Request and response secrecy
The request and response are both secret, i.e., the attacker never learns them, unless the attacker has compromised the gateway’s long term keys.
In a sense, request and response secrecy covers the case where the gateway is malicious, because if the gateway is malicious then the “attacker” knows the gateway’s long term keys.
Relay connection security
The contents of the connection between the client and relay are secret unless the attacker has compromised the relay.
We don’t have to worry about the secrecy of the connection if the client is compromised because in that scenario the attacker knows the query before it’s even been sent, and can learn the response by making an honest query itself. If your client is compromised then it’s game over.
AEAD nonce reuse resistance
If the gateway sends a message to the client, and the attacker finds a different message encrypted with the same key and nonce, then either the attacker has already compromised the gateway, or they already knew the query.
In translation, this property means that the response encryption is correct and not vulnerable to attack, such as through AEAD nonce reuse. This would obviously be a disaster for OHTTP, so we were careful to check that this situation never arises, especially as we’d already detected this issue in ODoH.
Finally, and perhaps most importantly, we want to prove that an attacker can’t link a particular query to a client. We prove a slightly different property which effectively argues that, unless the relay and gateway collude, then the attacker cannot link the encrypted query to its decrypted query together.
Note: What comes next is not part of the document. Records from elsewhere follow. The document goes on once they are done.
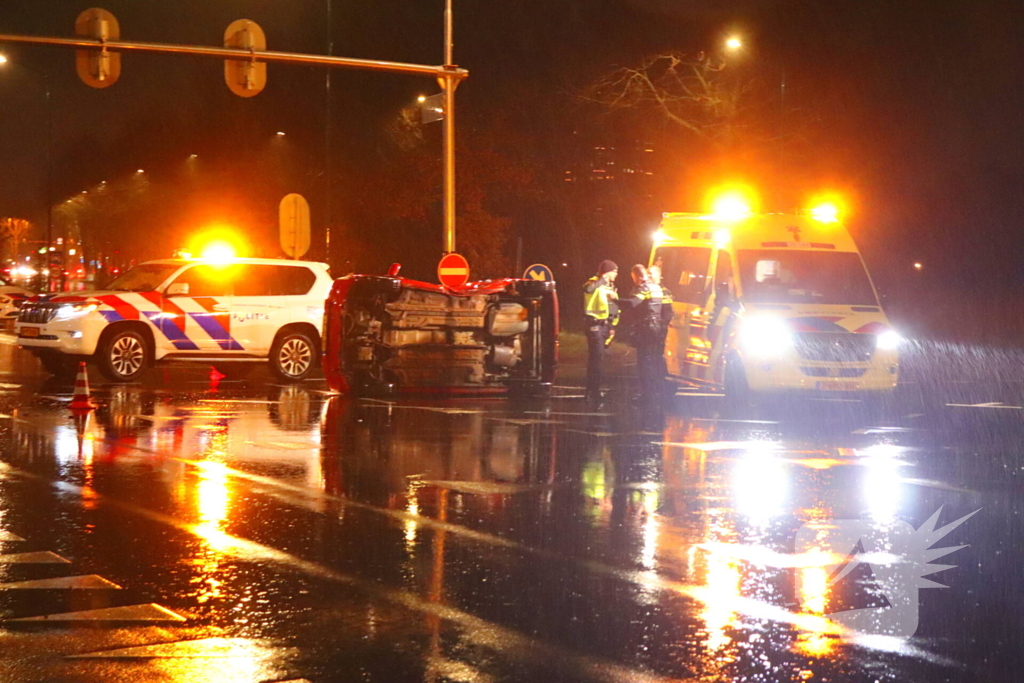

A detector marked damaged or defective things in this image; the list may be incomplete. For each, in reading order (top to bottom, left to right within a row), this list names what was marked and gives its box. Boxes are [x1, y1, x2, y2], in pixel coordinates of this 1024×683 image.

overturned red car [322, 272, 556, 396]
damaged vehicle [322, 272, 556, 396]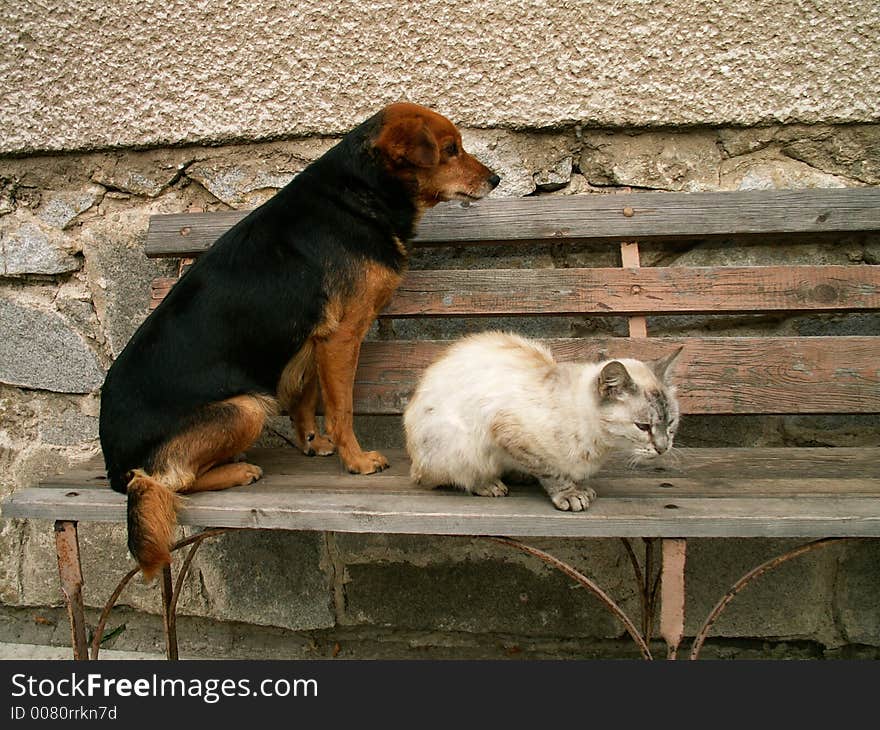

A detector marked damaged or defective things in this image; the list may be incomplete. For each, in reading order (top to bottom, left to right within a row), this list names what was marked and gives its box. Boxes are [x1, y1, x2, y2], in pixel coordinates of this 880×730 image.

rusty metal bench frame [3, 189, 876, 660]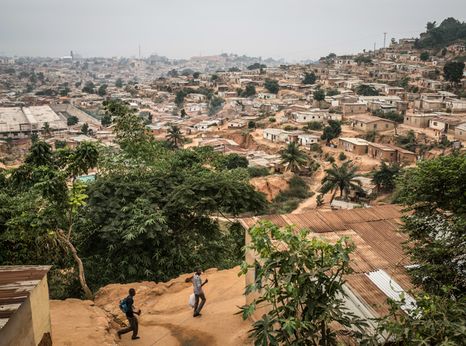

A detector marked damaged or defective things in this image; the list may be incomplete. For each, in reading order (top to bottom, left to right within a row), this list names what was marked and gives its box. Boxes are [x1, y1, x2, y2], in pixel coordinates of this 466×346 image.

rusted metal roof [0, 264, 51, 330]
In particular, we prove the following:
If an attacker knows the query and the contents of the connection sent to the relay (i.e. the encrypted query), then it must have compromised both the gateway and the relay.
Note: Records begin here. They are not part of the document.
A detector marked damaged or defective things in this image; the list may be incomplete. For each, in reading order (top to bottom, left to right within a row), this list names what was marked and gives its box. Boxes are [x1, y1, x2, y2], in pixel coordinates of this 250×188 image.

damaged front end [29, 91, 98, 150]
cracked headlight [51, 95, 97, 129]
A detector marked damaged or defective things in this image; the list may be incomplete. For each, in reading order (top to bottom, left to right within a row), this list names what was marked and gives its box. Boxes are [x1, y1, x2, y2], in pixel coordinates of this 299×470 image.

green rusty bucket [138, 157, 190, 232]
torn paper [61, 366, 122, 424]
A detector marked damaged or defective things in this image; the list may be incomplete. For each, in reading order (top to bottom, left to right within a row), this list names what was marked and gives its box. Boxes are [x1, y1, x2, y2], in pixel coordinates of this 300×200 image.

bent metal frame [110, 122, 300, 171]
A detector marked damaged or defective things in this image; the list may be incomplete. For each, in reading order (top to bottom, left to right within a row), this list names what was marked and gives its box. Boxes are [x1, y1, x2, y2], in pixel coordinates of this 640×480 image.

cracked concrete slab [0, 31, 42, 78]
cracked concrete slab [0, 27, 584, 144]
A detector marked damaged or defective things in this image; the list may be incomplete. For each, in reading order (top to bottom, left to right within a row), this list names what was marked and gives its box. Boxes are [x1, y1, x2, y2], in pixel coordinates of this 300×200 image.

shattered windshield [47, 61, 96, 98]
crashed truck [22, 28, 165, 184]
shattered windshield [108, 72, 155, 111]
This doesn’t in general prove indistinguishability. There are two techniques an attacker can use to link two queries. Direct inference and statistical analysis. Because of the anonymity trilemma we know that we cannot defend against statistical analysis, so we have to declare it out of scope and move on. To prevent direct inference we need to make sure that the attacker doesn’t compromise either the client, or both the relay and the gateway together, which would let it directly link the queries. So is there anything we can protect against? Thankfully there is one thing. We can make sure that a malicious gateway can’t identify that a single client sent two messages. We prove that by not keeping any state between connections. If a returning client acts in exactly the same way as a new client, and doesn’t carry any state between requests, there’s nothing for the malicious gateway to analyze.
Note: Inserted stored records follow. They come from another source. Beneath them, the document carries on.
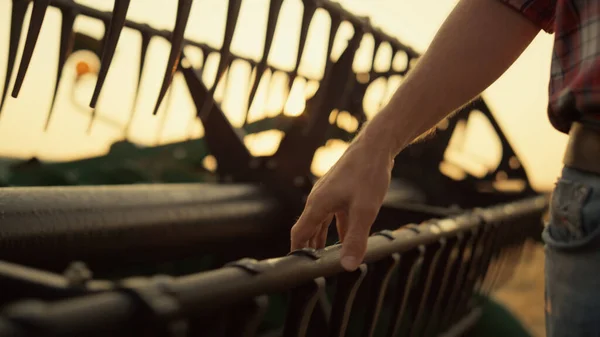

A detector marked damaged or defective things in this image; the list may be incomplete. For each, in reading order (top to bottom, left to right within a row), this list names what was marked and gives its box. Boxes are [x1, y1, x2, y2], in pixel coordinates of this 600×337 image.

rusty metal tine [0, 0, 28, 114]
rusty metal tine [10, 0, 50, 98]
rusty metal tine [44, 7, 77, 131]
rusty metal tine [88, 0, 130, 108]
rusty metal tine [123, 29, 151, 138]
rusty metal tine [155, 82, 176, 145]
rusty metal tine [152, 0, 192, 115]
rusty metal tine [241, 0, 284, 124]
rusty metal tine [284, 276, 326, 336]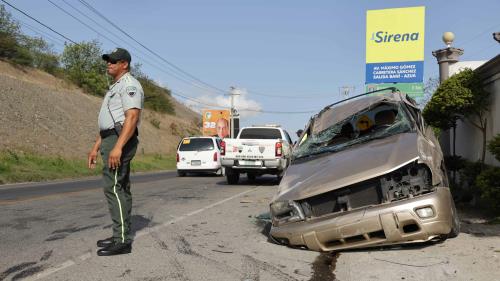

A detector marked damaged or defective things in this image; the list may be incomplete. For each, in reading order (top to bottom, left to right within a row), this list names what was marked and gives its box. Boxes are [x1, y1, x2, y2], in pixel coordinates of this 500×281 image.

shattered windshield [292, 103, 414, 160]
crumpled hood [276, 132, 420, 201]
damaged minivan [270, 91, 460, 250]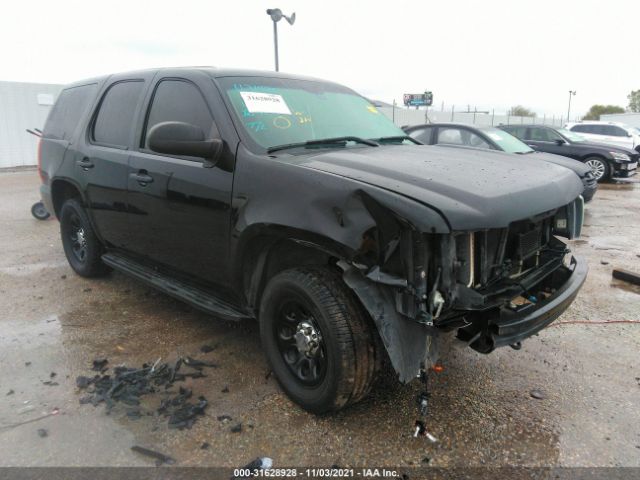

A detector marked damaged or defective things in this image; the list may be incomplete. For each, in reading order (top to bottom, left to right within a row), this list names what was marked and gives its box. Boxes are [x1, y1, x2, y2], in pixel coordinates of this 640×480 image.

crumpled hood [296, 144, 584, 231]
damaged front end [342, 193, 588, 384]
broken front bumper [460, 255, 592, 352]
And that’s it! If you want to have a go at proving some of these properties yourself our models and proofs are available on our GitHub, as are our ODoH models and proofs. The Tamarin prover is freely available too, so you can double-check all our work. Hopefully this post has given you a flavor of what we mean when we say that we’ve proven a protocol secure, and inspired you to have a go yourself. If you want to work on great projects like this check out our careers page.
1Depending on the model, this process can lead to an exponential blow-up in search space, making it impossible to prove anything automatically. Moreover, if the new output facts do not fulfill the requirements of any remaining rule(s) then the process hangs.